§ **Exercise requirements**:
Repeat the following entries exactly, excluding pictures.

————————

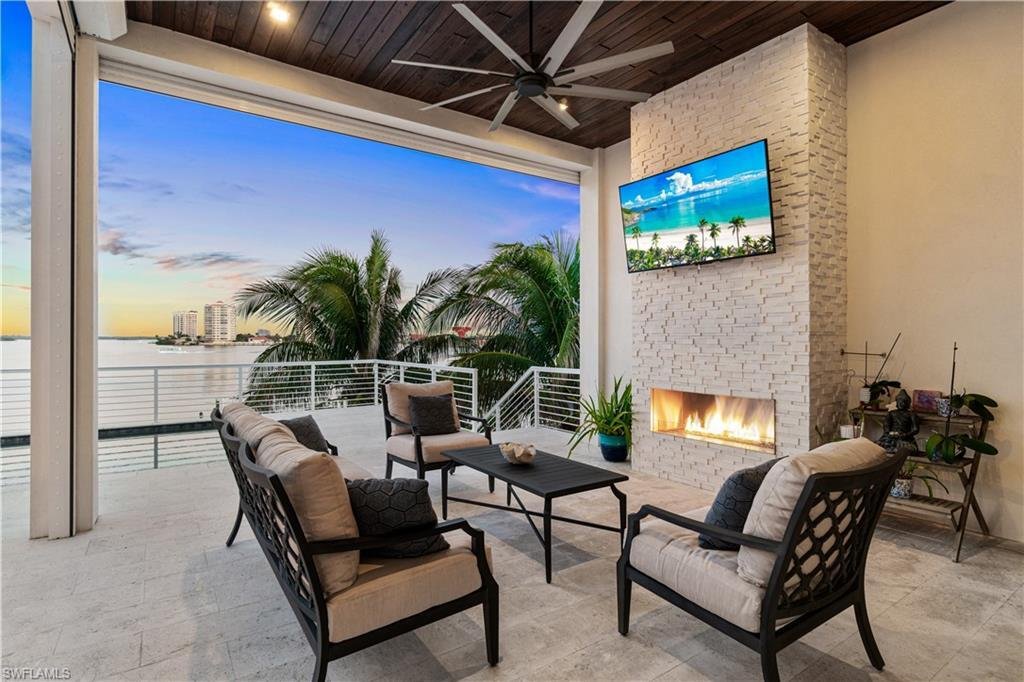 Casa a Fort Myers Beach, Florida, Stati Uniti 4 - 18775113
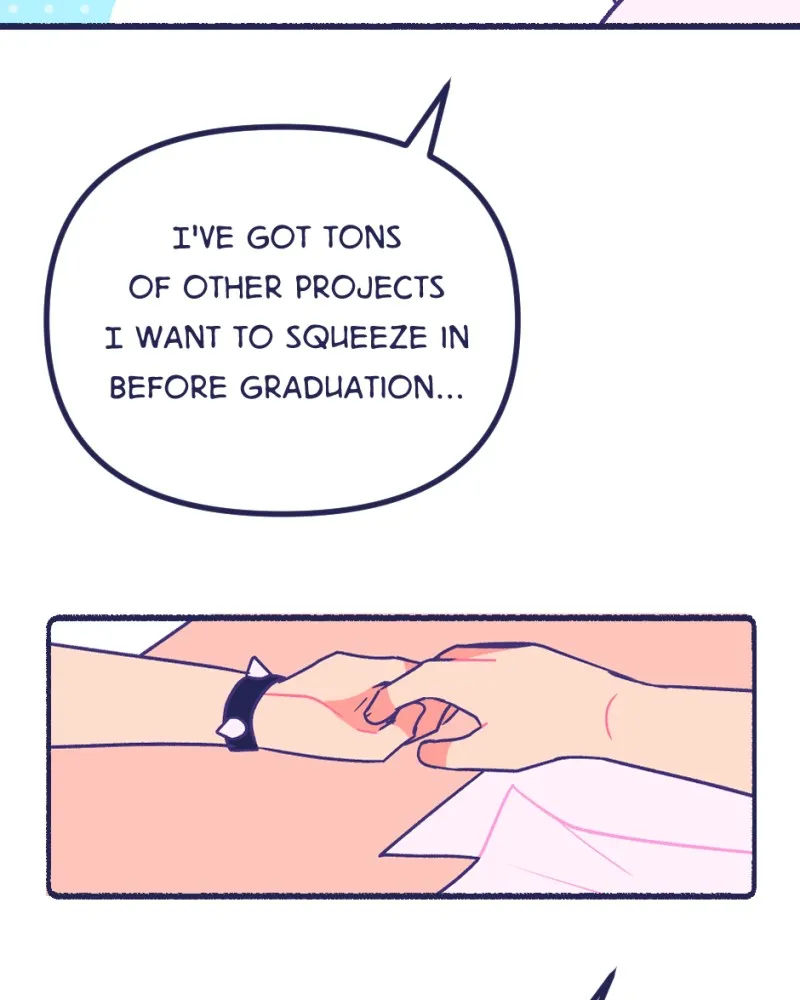 Boyfriends. Chapter 120 page 21 - 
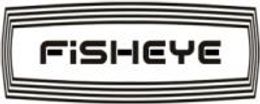 Logo - FISHEYE Properties Establishment Sp. Kom.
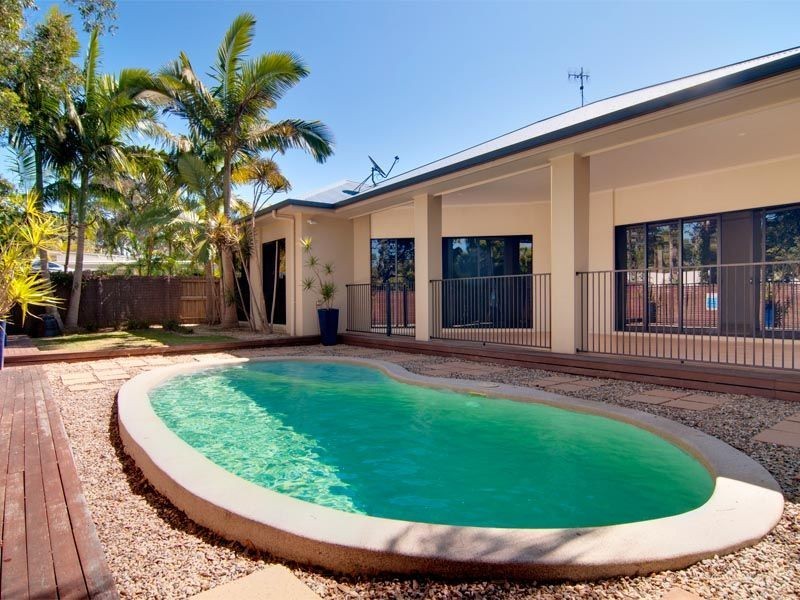 5 Regatta Circuit, Noosaville QLD 4566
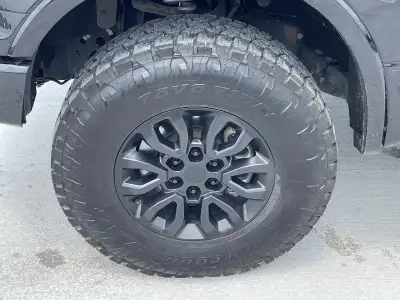Pre-Owned 2018 Ford F-150 for sale in St. Joseph MO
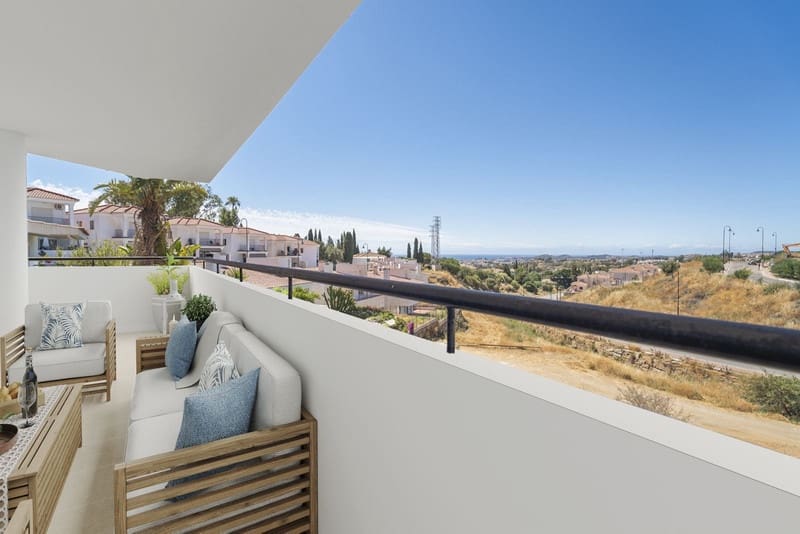 3 bedroom Villa for sale in Mijas with pool garage - € 750,000 (Ref: 8495073)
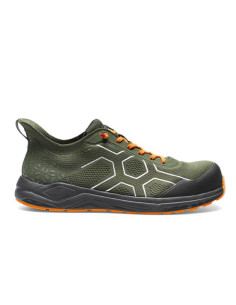 CALZ.BASSA FLEXIFLY VERDE/ARANC 43 2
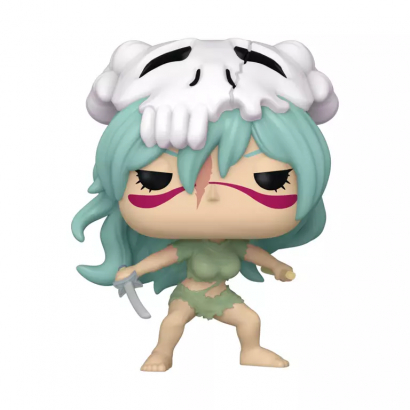 Nelliel Tu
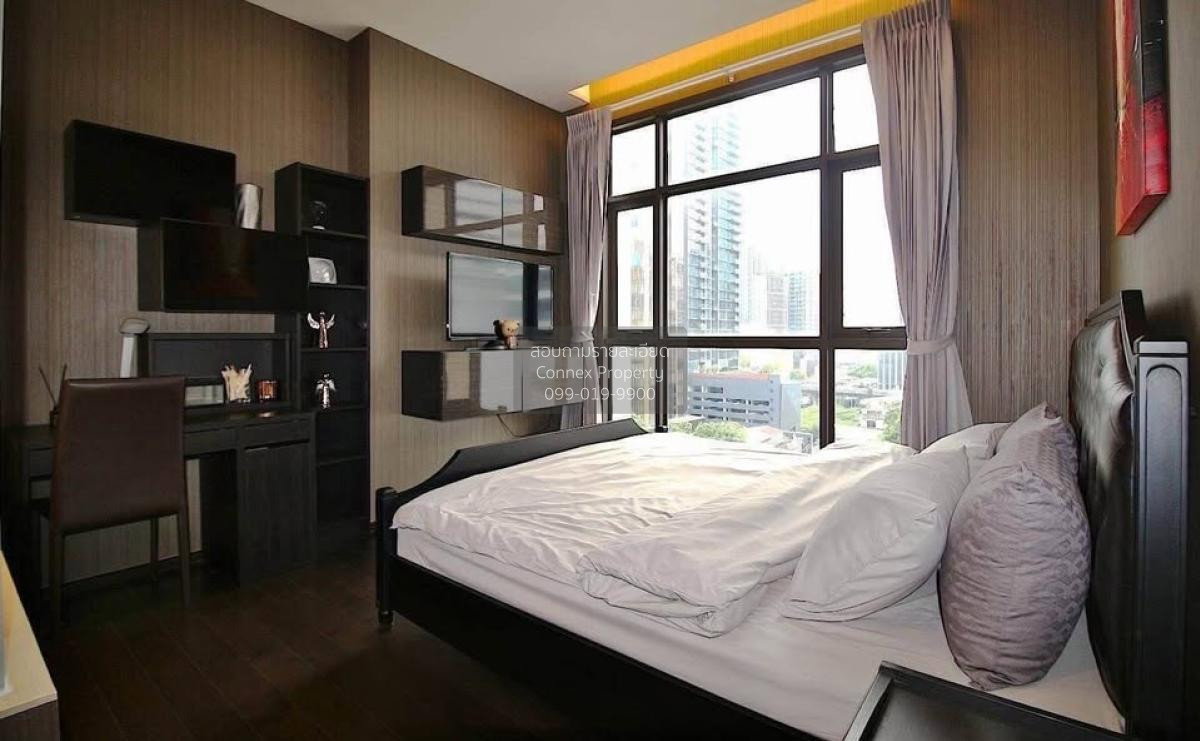 รูป เช่าคอนโด  เดอะ เทอร์ทีไนน์ บาย แสนสิริ BTS-พร้อมพงษ์ | Phrom Phong CX-123343-1 - รูปที่ 8/9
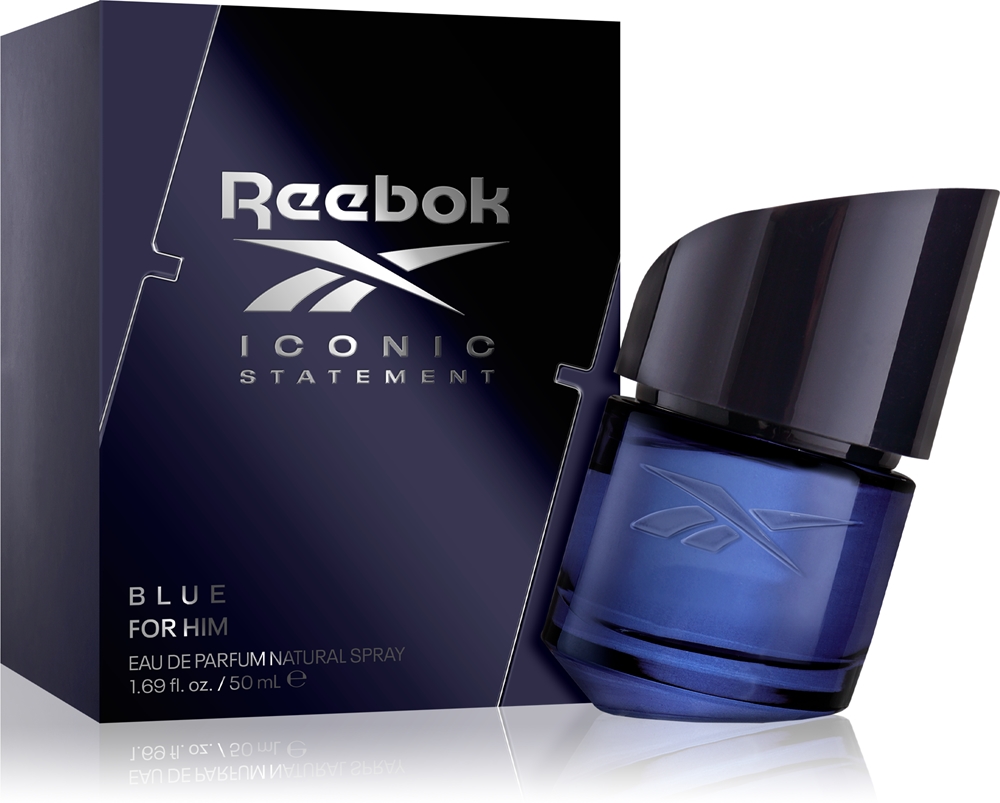 Iconic Blue — изображение 2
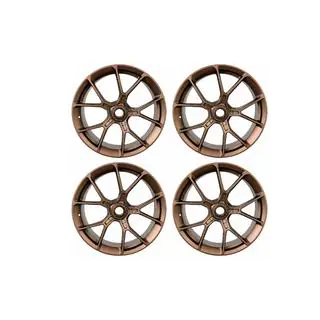 Jantes forgées OEM R21 V3 (Lot de 4) photo 2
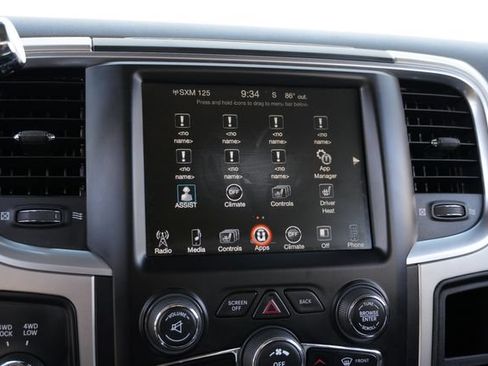 Used 2015 RAM 2500 Lone Star AWD/4WD image 43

————————

§ **Exercise result**:
 Casa a Fort Myers Beach, Florida, Stati Uniti 4 - 18775113
 Boyfriends. Chapter 120 page 21 - 
 Logo - FISHEYE Properties Establishment Sp. Kom.
 5 Regatta Circuit, Noosaville QLD 4566
Pre-Owned 2018 Ford F-150 for sale in St. Joseph MO
 3 bedroom Villa for sale in Mijas with pool garage - € 750,000 (Ref: 8495073)
 CALZ.BASSA FLEXIFLY VERDE/ARANC 43 2
 Nelliel Tu
 รูป เช่าคอนโด  เดอะ เทอร์ทีไนน์ บาย แสนสิริ BTS-พร้อมพงษ์ | Phrom Phong CX-123343-1 - รูปที่ 8/9
 Iconic Blue — изображение 2
 Jantes forgées OEM R21 V3 (Lot de 4) photo 2
 Used 2015 RAM 2500 Lone Star AWD/4WD image 43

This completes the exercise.